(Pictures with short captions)
*** Block opens ***

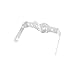 JBL Professional MTC-28UB-1-WH U-Bracket for Control 28-1/1L, White
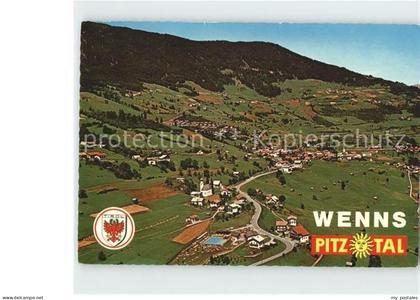 Wenns Pitztal Tirol Fliegeraufnahme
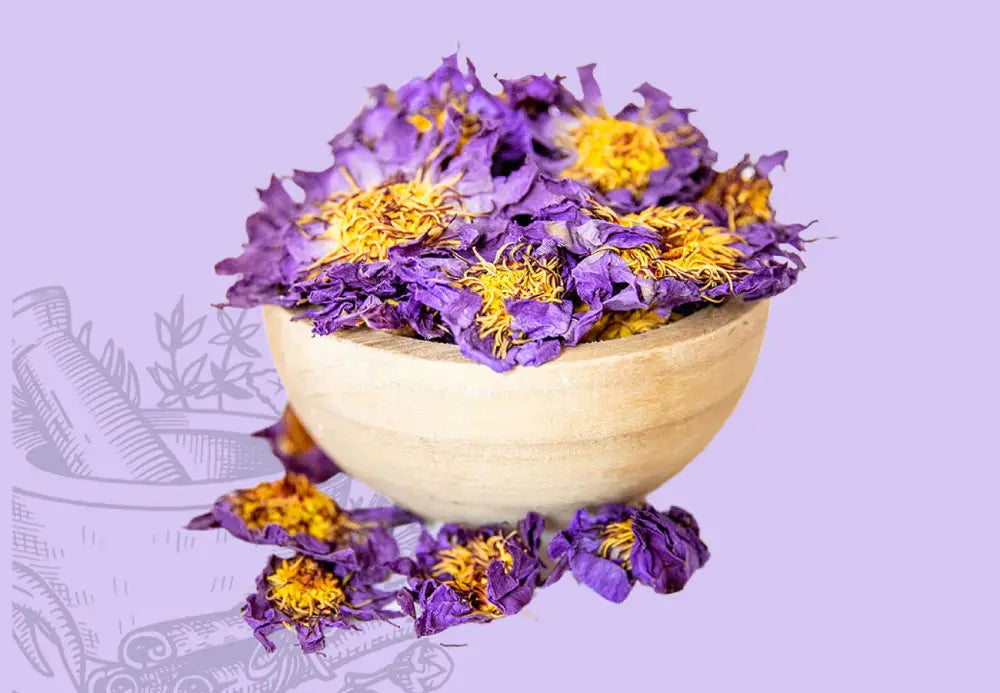 Blue Lotus Flower - Herbs flowers from Euphoric Herbals offer relaxation and stress relief. These dried feature purple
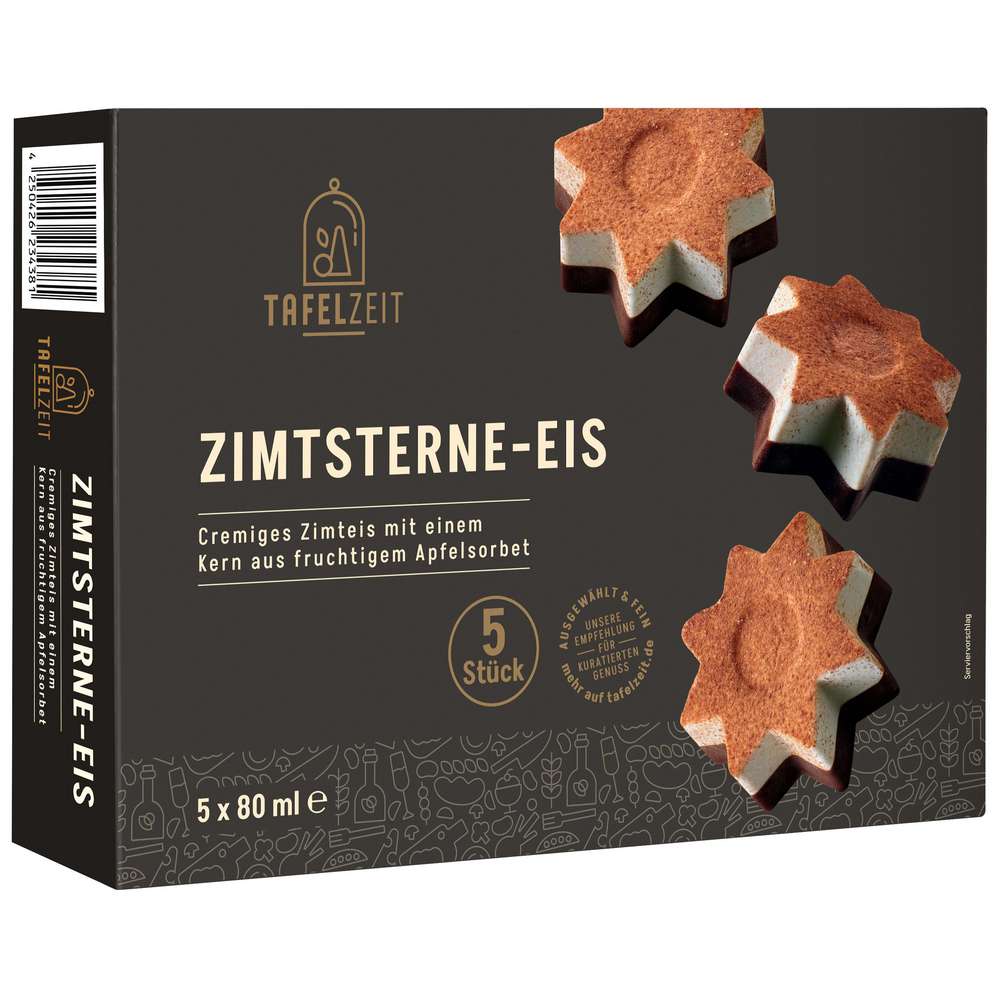 Produktabbildung  Zimtsterne-Eis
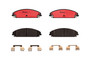 PRIME Ceramic Brake Pad Set for 2008-2020 Dodge/Chrysler (Caliber, Charger, 200, Challenger) P11017N - top view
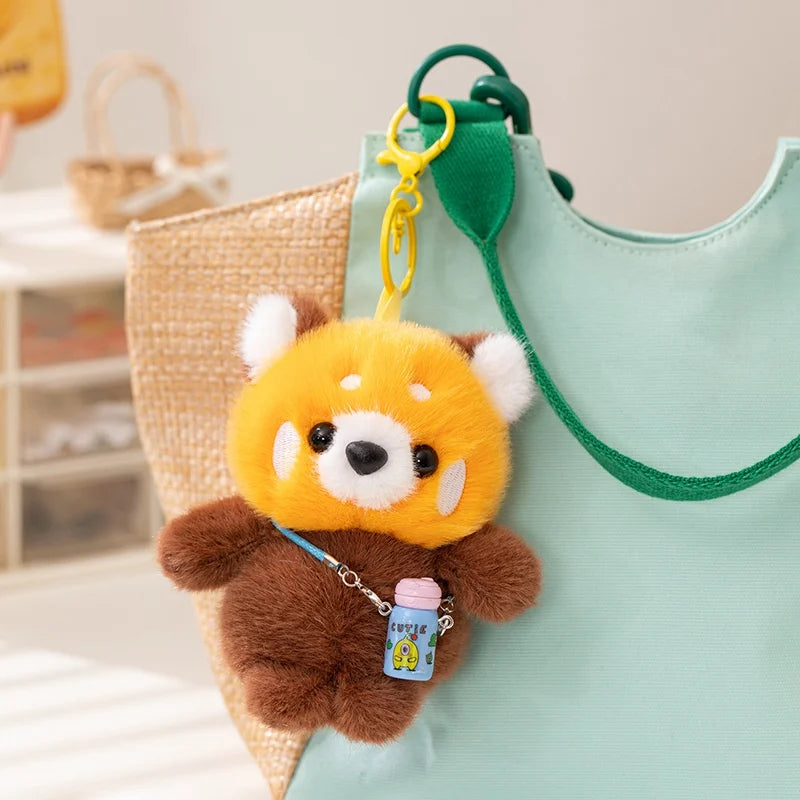 Cute Animal (Sloth/Capybara/Red Panda/Elephant/Penguin) Plush Keychain 12cm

*** Block closes ***

» Exercise goal
Find the line that contains "PRIME Ceramic Brake" and repeat it, along with every line after it to the end of the data, exactly; drop the pictures.

» Response for this exercise
 PRIME Ceramic Brake Pad Set for 2008-2020 Dodge/Chrysler (Caliber, Charger, 200, Challenger) P11017N - top view
 Cute Animal (Sloth/Capybara/Red Panda/Elephant/Penguin) Plush Keychain 12cm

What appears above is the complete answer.